(TASK REQUIREMENTS): Below, locate the line that contains "Big Gulp giant". Repeat exactly from that line to the line that contains "Commercial architecture design", inclusive, leaving out the pictures.

[[ MATERIAL FOR THIS TASK open ]]

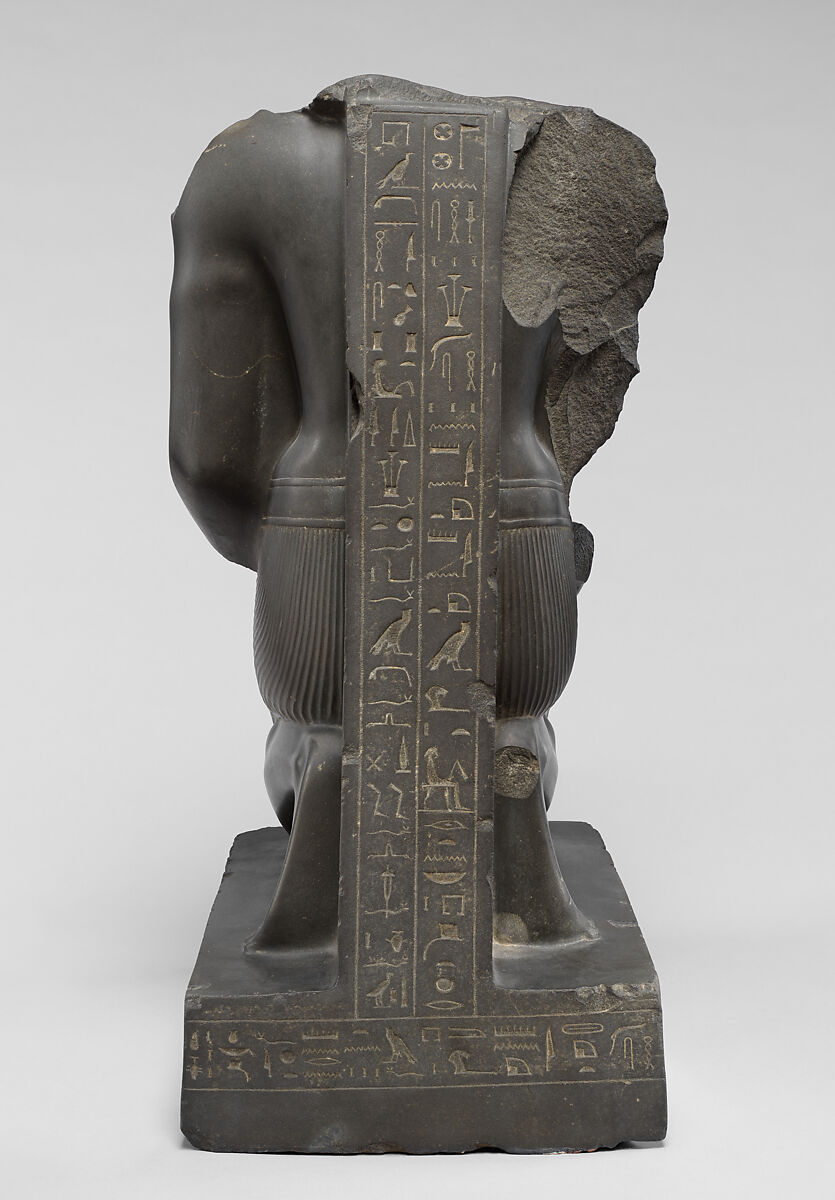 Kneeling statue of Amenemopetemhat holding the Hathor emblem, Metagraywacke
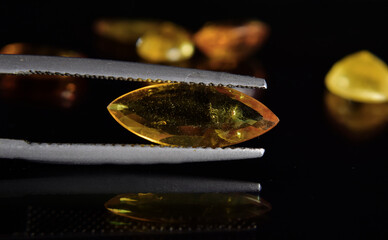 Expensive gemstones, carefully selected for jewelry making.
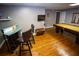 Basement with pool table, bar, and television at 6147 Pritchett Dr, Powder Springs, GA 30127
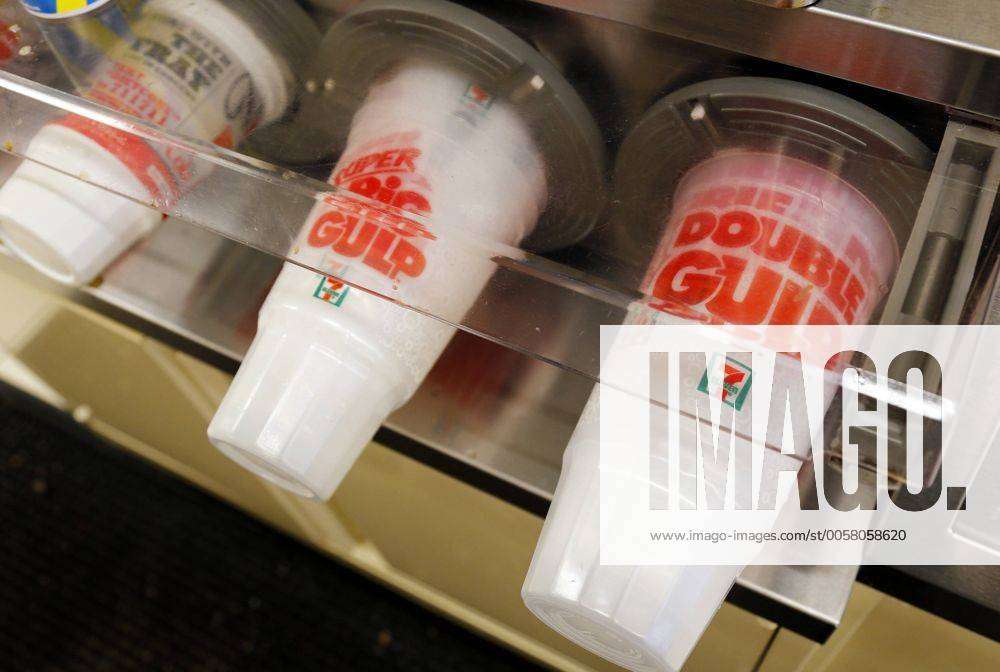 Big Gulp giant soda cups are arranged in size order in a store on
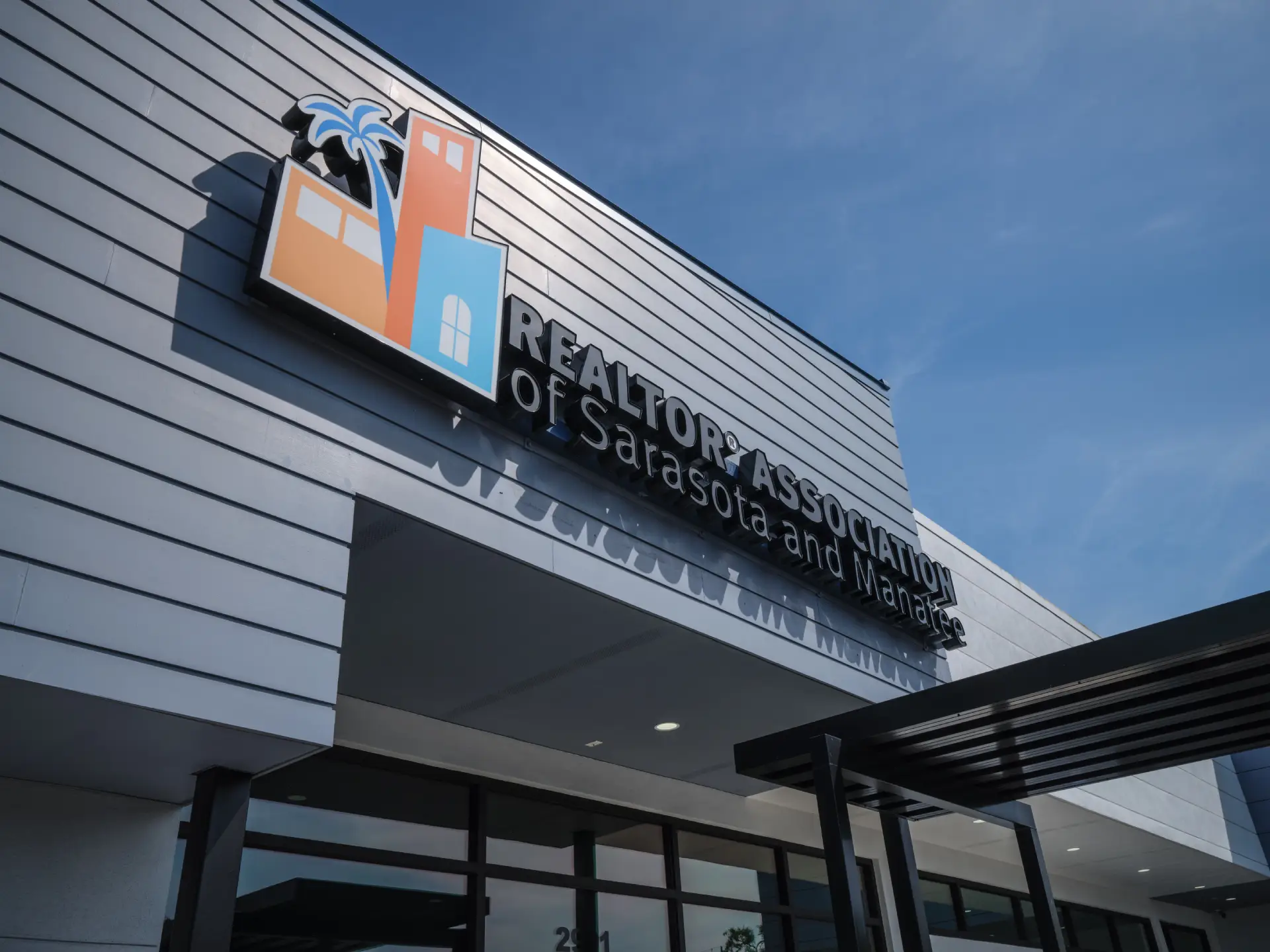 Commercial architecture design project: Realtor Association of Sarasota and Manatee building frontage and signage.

[[ MATERIAL FOR THIS TASK closed ]]
[[ MATERIAL FOR THIS TASK open ]]

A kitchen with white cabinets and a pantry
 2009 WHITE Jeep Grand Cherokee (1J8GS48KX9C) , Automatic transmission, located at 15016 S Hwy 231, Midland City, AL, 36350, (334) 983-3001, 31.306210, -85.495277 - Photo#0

[[ MATERIAL FOR THIS TASK closed ]]
[[ MATERIAL FOR THIS TASK open ]]

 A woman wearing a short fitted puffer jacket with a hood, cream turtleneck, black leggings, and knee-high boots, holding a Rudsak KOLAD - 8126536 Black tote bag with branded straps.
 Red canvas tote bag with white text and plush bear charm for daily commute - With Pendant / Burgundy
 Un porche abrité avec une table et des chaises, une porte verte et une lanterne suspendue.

[[ MATERIAL FOR THIS TASK closed ]]

(EXERCISE OUTPUT):
 Big Gulp giant soda cups are arranged in size order in a store on
 Commercial architecture design project: Realtor Association of Sarasota and Manatee building frontage and signage.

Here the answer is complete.